A proposito della giudice Apostolico di Catania, s’è fatta una scoperta che scandalizza le anime belle: i/le giudici hanno idee, e tentano di farle valere. Idee tutte loro, che rischiano d’inquinare la terzietà del giudizio, specie quando chi giudica ne dà esecrabile sfogo in pubbliche manifestazioni. Questa scoperta a me sembra un’ingenuità studiata
S’è fatta una scoperta che scandalizza le anime belle: i/le giudici hanno idee, e tentano di farle valere. Idee tutte loro, che rischiano d’inquinare la terzietà del giudizio, specie quando chi giudica ne dà esecrabile sfogo in pubbliche manifestazioni. Questa scoperta a me sembra un’ingenuità studiata. Certo – si dirà a proposito della giudice Apostolico – la questione non è tanto nutrire idee, quanto renderle pubbliche in forme troppo vistose (e a portata di videocamera).
Ma al di là della deontologia professionale, di cui qui non tratto, c’è una questione, se si vuole, assai più prosaica, che formulo a mo’ di domanda: il grado con cui unə giudice dissemina di convincimenti personali la propria attività di giudice dipende forse dalla vistosità dei comportamenti che li manifestano? Mi sento di dubitarne, perché immagino esistano in gran numero magistratə che orientano le proprie decisioni sulla base di una specifica comprensione del mondo, benché nessunə ne sia a conoscenza, persino tra le mura domestiche. È ora di farsi un’idea meno incantata di cos’è e come funziona il diritto, magari per sfruttarne appieno le potenzialità e limitarne altresì i rischi d’esorbitanza.
Quanto da decenni vien fuori nei reiterati, spesso pretestuosi, battibecchi tra la classe politica e la magistratura non è tanto l’accanita tendenza del potere giudiziario a intronarsi censore dei costumi e precettore sociale – tendenza che esiste, vivace e vivida, da che l’essere umano ha inventato il diritto alcuni millenni fa. C’è assai di più: cigola e cricchia quell’impalcatura un po’ vetusta che a lungo ha presentato il potere giudiziario come la bouche de la loi, cioè come il fedele applicatore della volontà del potere legislativo, capace di recepire ed eseguire l’indirizzo del legislatore come fosse l’automa meccanico delle principesche Wunderkammer.
Si trascura in tal modo un dato di sconcertante evidenza: le più importanti riforme nel campo dei diritti civili, specie (ma non solo) quelli relativi alle minoranze sessuali, hanno riportato i primi successi nelle aule di tribunale. Le Corti si sono dimostrate meno pavide e più ricettive nei riguardi di pretese di cittadinə che riportavano discriminazioni e lamentavano inefficienze.
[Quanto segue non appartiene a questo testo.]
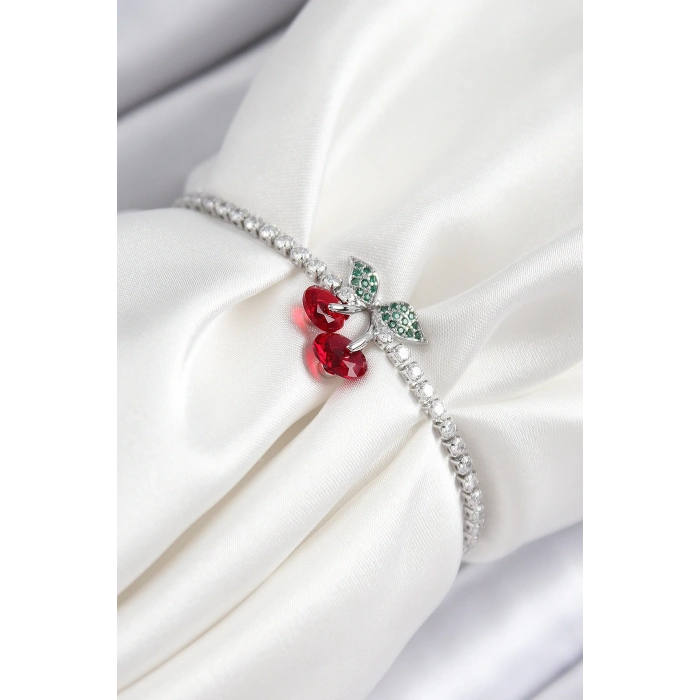 Pirinç Zirkon Taşlı Kiraz Model Gümüş Renk Asansörlü Kadın Bileklik - TJ-BB7454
I tribunali hanno servito sia da cassa di risonanza sia da promotori di conflitti tra parti contrastanti della legge, così da muovere il legislatore all’intervento, per quanto pigro e perlopiù manchevole.
A mio avviso, quel che più rileva dell’attività di chi giudica non è la neutralità (se per questa s’intende la chimerica assenza di preferenze politiche e orientamenti etici), bensì l’imparzialità e l’indipendenza. Chi giudica deve servirsi del testo di legge come filtro e guida nella comprensione di quanto accade per dare piena applicazione alle tutele previste dal diritto. Chi giudica, com’è ovvio, non può far uso del diritto per assicurare privilegi a una parte anziché a un’altra. Ma soprattutto, chi giudica dev’essere indipendente, vale a dire, non deve orientare la condotta e fare valutazioni sotto la costrizione, circostanziale o strutturale, del potere politico.
L’attività delle Corti, oggi più che in passato, opera di fatto da motore ausiliario entro un più ampio e informale processo legislativo. Prima ci si avvede di questa metamorfosi in fieri, meglio la si potrà disciplinare per una più efficace ripartizione delle competenze tra i poteri. Se ne dispiaceranno i followers di certi profili social – almeno fintantoché non servirà loro ricorrere in giudizio per le palesi iniquità che certe leggi, per colpa o dolo, producono nelle loro vite.